*Description of the task:* Once you find the line with "Iridescent liquid chrome" in the data below, transcribe exactly each line from there to the line with "Robert Rodriguez Silver", inclusive, and nothing else. Drop the pictures.

*Provided information:*

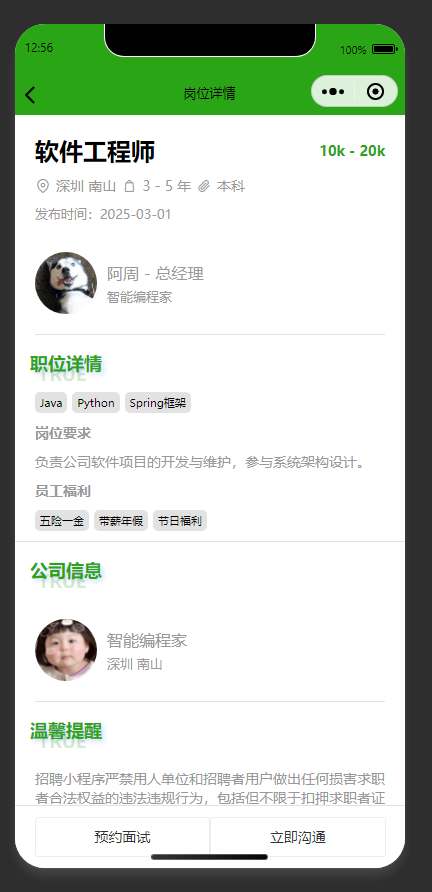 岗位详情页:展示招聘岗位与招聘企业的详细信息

---

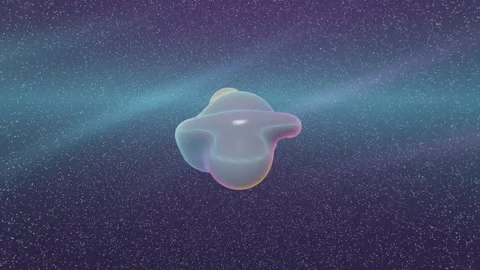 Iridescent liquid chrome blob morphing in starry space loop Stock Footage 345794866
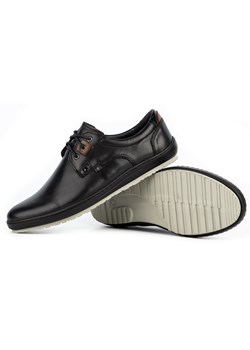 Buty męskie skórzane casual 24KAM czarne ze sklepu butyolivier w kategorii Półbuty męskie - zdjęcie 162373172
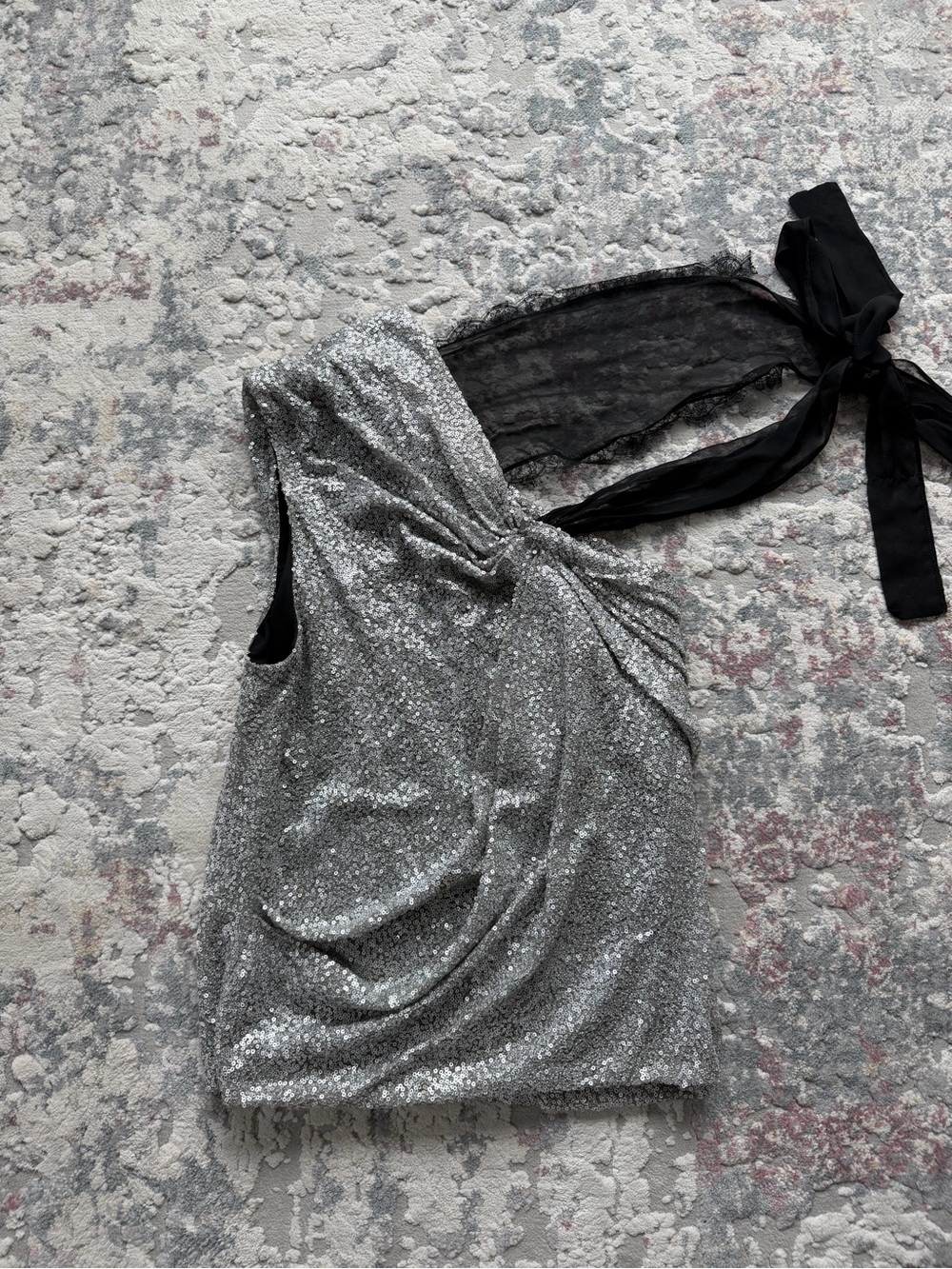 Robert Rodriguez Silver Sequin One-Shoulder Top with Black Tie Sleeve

* * *

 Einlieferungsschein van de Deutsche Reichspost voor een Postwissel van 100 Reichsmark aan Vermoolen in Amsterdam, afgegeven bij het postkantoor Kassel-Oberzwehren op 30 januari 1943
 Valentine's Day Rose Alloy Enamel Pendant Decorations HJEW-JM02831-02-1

*Answer box:*
 Iridescent liquid chrome blob morphing in starry space loop Stock Footage 345794866
 Buty męskie skórzane casual 24KAM czarne ze sklepu butyolivier w kategorii Półbuty męskie - zdjęcie 162373172
 Robert Rodriguez Silver Sequin One-Shoulder Top with Black Tie Sleeve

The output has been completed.